Internet-only bank Egg says it remains on course to break-even in the fourth quarter after posting third quarter losses of £18.4 million, down from £25.5 million in Q2.
"Our core UK business remains on-track to break-even at some point during the fourth quarter," says Paul Gratton, Egg CEO. "With revenues growing strongly quarter on quarter and costs remaining flat we are moving confidently towards profitability."
Egg says it acquired 83,000 new customers in Q3 (Q3 2000: 107,000) taking the total to over 1.8 million. Growth has slowed significantly over the quarter, however, with the company recording only a 2 per cent rise in credit card balances. The company boasts a cross sales ratio of 1.4, with 112,000 products sold in the quarter.
Gratton insists the credit card portfolio is performing well, with margins continuing to grow. He says the 11 September attacks dampened volumes, but reports no deterioration in credit quality.
"However, we have taken prudent action by increasing our general bad debt provision on cards to reflect resulting macroeconomic concerns," he adds. "Encouragingly, we have witnessed a recovery in our sales volumes in October."
Egg is currently looking at opportunities to expand into Europe.

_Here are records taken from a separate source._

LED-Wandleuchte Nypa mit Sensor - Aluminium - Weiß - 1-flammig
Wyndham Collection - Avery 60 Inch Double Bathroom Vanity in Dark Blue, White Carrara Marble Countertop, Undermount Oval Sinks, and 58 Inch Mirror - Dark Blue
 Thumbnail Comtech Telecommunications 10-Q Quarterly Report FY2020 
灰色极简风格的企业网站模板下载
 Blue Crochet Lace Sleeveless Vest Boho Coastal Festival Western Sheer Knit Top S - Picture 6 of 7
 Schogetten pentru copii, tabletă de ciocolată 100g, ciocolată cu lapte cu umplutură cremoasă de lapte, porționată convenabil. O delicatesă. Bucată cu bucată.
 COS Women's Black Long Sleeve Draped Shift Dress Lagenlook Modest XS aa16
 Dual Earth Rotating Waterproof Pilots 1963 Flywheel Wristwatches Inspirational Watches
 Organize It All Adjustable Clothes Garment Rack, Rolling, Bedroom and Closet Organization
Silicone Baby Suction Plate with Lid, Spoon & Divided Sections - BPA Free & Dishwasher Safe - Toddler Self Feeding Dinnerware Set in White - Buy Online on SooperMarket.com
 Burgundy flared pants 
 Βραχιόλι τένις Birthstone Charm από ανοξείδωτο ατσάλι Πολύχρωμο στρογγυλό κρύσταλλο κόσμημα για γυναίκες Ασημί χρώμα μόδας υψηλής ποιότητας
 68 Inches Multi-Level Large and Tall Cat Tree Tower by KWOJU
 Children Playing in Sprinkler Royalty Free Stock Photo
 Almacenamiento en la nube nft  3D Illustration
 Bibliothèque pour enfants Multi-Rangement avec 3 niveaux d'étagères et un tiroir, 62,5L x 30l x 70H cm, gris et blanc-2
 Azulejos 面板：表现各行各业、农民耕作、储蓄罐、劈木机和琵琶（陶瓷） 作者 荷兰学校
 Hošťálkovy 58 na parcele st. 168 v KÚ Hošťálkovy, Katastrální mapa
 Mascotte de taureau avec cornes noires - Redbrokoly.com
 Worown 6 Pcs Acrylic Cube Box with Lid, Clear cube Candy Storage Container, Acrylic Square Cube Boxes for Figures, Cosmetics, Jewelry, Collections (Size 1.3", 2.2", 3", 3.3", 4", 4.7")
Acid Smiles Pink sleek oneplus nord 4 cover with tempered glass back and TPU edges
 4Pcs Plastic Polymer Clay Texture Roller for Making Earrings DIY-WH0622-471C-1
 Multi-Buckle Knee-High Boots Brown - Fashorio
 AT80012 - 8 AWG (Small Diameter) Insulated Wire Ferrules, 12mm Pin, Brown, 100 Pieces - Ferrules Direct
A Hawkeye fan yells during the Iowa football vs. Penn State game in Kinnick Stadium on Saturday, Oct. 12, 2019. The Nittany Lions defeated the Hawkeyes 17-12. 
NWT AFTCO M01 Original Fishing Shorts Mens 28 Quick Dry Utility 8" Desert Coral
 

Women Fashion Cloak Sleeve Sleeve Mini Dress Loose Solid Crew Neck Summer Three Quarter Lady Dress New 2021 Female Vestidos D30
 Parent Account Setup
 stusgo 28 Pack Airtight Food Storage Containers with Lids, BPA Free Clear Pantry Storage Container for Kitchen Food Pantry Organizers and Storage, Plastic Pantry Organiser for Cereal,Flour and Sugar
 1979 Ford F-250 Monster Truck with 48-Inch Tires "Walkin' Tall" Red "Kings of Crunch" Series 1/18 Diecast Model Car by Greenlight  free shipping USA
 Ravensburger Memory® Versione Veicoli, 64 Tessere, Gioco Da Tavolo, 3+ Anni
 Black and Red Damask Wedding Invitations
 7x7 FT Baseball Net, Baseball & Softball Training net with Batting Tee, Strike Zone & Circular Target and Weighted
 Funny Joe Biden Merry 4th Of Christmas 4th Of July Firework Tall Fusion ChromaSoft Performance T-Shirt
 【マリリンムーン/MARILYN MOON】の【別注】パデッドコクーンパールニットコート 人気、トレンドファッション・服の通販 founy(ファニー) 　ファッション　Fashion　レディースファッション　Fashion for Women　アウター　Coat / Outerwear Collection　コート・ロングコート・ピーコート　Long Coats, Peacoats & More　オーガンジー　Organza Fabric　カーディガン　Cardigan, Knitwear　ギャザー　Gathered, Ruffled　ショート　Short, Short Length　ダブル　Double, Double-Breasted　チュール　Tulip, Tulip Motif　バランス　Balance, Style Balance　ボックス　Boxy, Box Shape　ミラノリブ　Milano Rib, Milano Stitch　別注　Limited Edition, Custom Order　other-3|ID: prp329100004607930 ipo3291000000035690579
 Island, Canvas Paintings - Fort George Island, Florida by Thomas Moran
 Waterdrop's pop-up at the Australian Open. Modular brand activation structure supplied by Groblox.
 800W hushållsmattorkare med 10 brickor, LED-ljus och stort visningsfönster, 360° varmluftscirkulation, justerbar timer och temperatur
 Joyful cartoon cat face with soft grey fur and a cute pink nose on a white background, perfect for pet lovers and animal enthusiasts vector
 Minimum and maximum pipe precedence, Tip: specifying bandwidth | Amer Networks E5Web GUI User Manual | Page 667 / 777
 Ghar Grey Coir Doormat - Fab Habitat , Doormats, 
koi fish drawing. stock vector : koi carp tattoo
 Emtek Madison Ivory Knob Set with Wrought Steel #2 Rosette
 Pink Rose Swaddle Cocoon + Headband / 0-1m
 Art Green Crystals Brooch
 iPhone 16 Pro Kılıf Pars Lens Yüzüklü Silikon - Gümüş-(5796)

The company is awaiting regulatory clearance on a deal with Microsoft consumer portal MSN, which will make its online supermarket Egg Invest available in France and Germany.
'Our discussions with other possible partners in Europe are progressing, albeit more slowly than we had hoped," says Gratton. "We remain confident that in time we will conclude a deal which will generate significant value for shareholders."
The company, one of the few stand-alone Internet banking success stories, is 79%-owned by Prudential, Britain's largest insurer.